KONGRES Kebudayaan Indonesia ke-100 berakhir pada Minggu (9 Desember 2018) kemarin. Digelar selama lima hari (5-9 Desember), kongres ini diisi dengan rangkaian acara seperti forum, debat publik, kuliah umum, pidato kebudayaan, hingga konser musik. Ini adalah Kongres ke-100 sejak pertama kali diadakan pada tahun 1918. Kongres ini menghasilkan strategi kebudayaan nasional yang diharapkan menjadi pedoman untuk memajukan kebudayaan Indonesia hingga 20 tahun ke depan.

Ada tujuh isu strategis dalam Strategi Kebudayaan tersebut yang akan disusun menjadi Rencana Induk Pemajuan Kebudayaan (RIPK). Rencana Induk ini akan menjadi acuan pemerintah dalam menyusun Rencana Pembangunan Jangka Menengah Nasional (RPJMN) mendatang.


Ketujuh agenda stategis itu adalah:

PERTAMA, menyediakan ruang bagi keragaman ekspresi budaya dan mendorong interaksi budaya untuk memperkuat kebudayaan yang insklusif.

KEDUA, melindungi dan mengembangkan nilai, ekspresi, dan praktik kebudayaan tradisional untuk memperkaya kebudayaan nasional.

KETIGA, mengembangkan dan memanfaatkan kekayaan budaya untuk memperkuat kedudukan Indonesia di dunia internasional.

KEEMPAT, memanfaatkan obyek pemajuan kebudayaan untuk meningkatkan kesejahteraan masyarakat.

KELIMA, memajukan kebudayan yang melindungi keanekaragaman hayati dan memperkuat ekosistem.

KEENAM, reformasi kelembagaan dan penganggaran kebudayaan untuk mendukung agenda pemajuan kebudayaan.

Dan KETUJUH, meningkatkan peran pemerintah sebagai fasilitator pemajuan kebudayaan.

Kita tidak tahu di agenda ke berapa terkandung strategi untuk menumbuhkan kekuatan budaya agar bangsa ini mempunyai identitas dan keberanian untuk “duduk sama rendah, berdiri sama tinggi” secara budaya dengan bangsa lain.

Sebab, dalam soal inilah bangsa kita benar-benar mengalami krisis. Identitas bangsa kita secara budaya sudah terpuruk ke titik terendah. Kemerdekaan negara ini tidak ada gunanya kalau bangsanya merasa tak sederajat dengan bangsa merdeka lainnya.

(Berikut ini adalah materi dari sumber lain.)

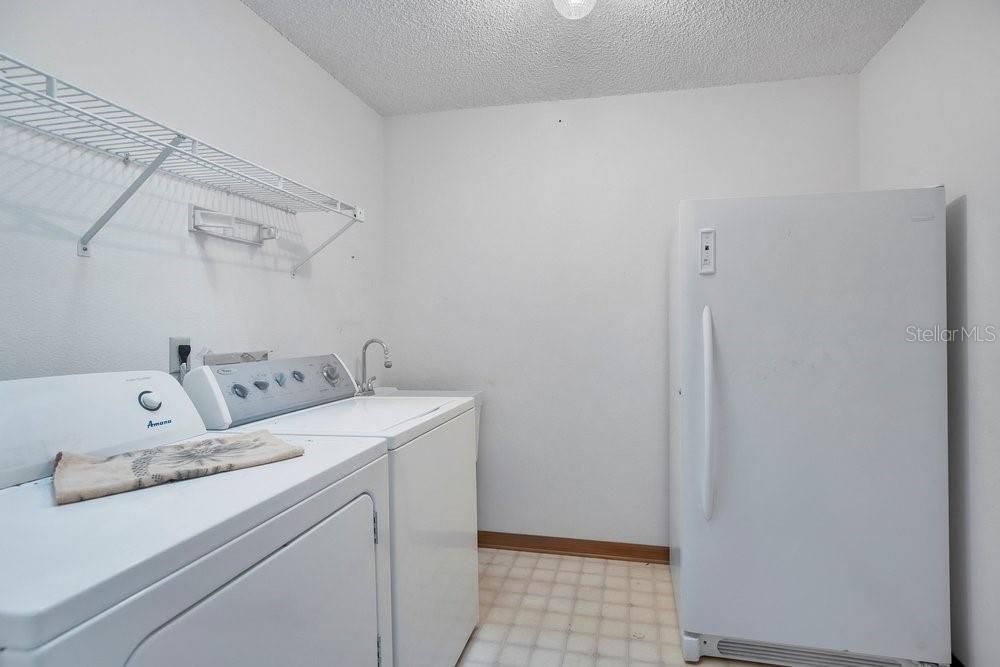 Active With Contract: $339,900 (3 beds, 2 baths, 1748 Square Feet)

Tingkat kesadaran tentang identitas budaya itu berpengaruh saat berinteraksi dengan bangsa lain. Bangsa yang identitas budayanya kuat tidak akan mudah hanyut dalam arus deras dunia.

Sekarang, coba kita perhatikan reaksi yang timbul dalam budaya Indonesia ketika berinteraksi dengan bangsa dan budaya asing. Bangsa ini mudah sekali hanyut.

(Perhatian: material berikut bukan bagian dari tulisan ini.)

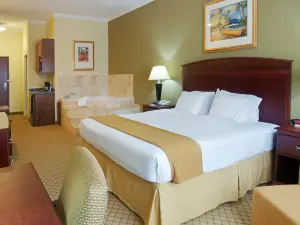 Holiday Inn Express & Suites Winnie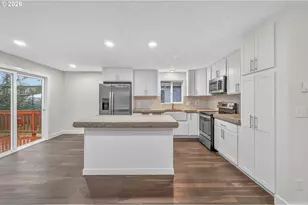 271 Tualatin St, Saint Helens, OR 97051 - Photo 16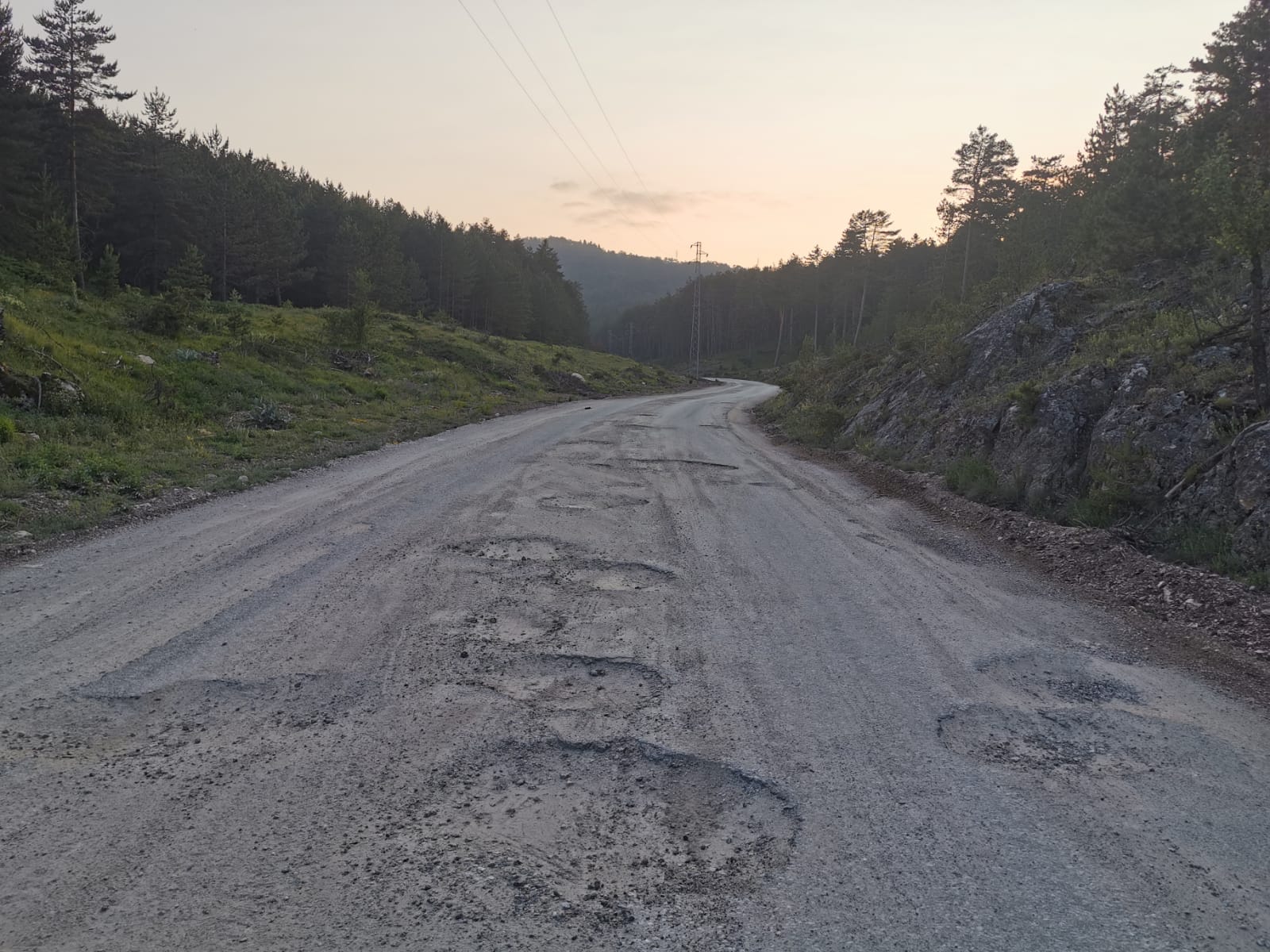 camiliyayla-koy-yolu2.jpg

Coba lihat pemakaian bahasa misalnya. Penggunaan bahasa atau istilah asing secara tidak proporsional sudah mewabah, tidak saja di kalangan generasi milineal yang memang berinteraksi secara global melalui teknologi komunikasi, tetapi juga para pemimpin negara.

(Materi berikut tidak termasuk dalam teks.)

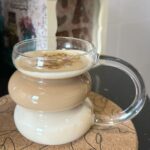 Staklena šolja sa duplim dnom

Padahal, di Pasal 28 UU Nomor 24/2009 disebutkan, Bahasa Indonesia wajib digunakan dalam pidato resmi Presiden, Wakil Presiden, dan pejabat negara yang lain yang disampaikan di dalam atau di luar negeri. Lembaga pemerintah pun kerap menggunakan istilah bahasa Inggris, secara tidak proporsional. Sebut saja, National Traffic Management Centre di Korlantas Polri. Di Humas Mabes Polri, ada ruangan Strategic Communication Center. Padahal semua istilah itu ada padanannya dalam bahasa Indonesia.

Dalam hal ini tentu harus dikecualikan untuk istilah yang generik secara internasional. Misalnya istilah search and rescue (SAR) itu adalah istilah generik untuk kegiatan pencarian dan penyelamatan korban bencana. Atau istilah disaster victim identification (DVI), salah satu prosedur kedokteran kepolisian ketika mengidentifikasi korban meninggal akibat bencana.

Mengapa bahasa asing dipakai secara “lebay” begitu? Bisa karena pertimbangan untuk memudahkan komunikasi dengan orang asing. Pemakaian istilah Strategic Communication Center di Mabes Polri, misalnya, masih bisa dipahami. Siapa tahu ada wartawan asing yang berkepentingan.

Namun bisa pula karena sekadar ingin terlihat modern. Kesan ini terlihat dari penamaan National Traffic Management Centre di Korlantas Polri atau Traffic Management Centre di tingkat Polda. Sebab, tidak ada orang asing yang berinteraksi dengan lembaga tersebut, karena yang dibutuhkan publik bukan interaksinya melainkan informasi lalu lintas yang diberikan. Apalagi informasi tersebut toh disampaikan dalam bahasa Indonesia juga.

Kemungkinan kedua ini sebenarnya serius, karena ini menunjukkan inferioritas sikap mental. Sikap yang menganggap sesuatu yang berasal asing lebih hebat dari milik sendiri ini adalah cerminan rasa rendah diri. Sikap ini disebabkan lemahnya identitas budaya nasional sehingga belum bangga dengan budaya kita. Akibatnya bangsa ini tidak akan bisa berdiri sama tinggi dan duduk sama rendah dengan bangsa lain.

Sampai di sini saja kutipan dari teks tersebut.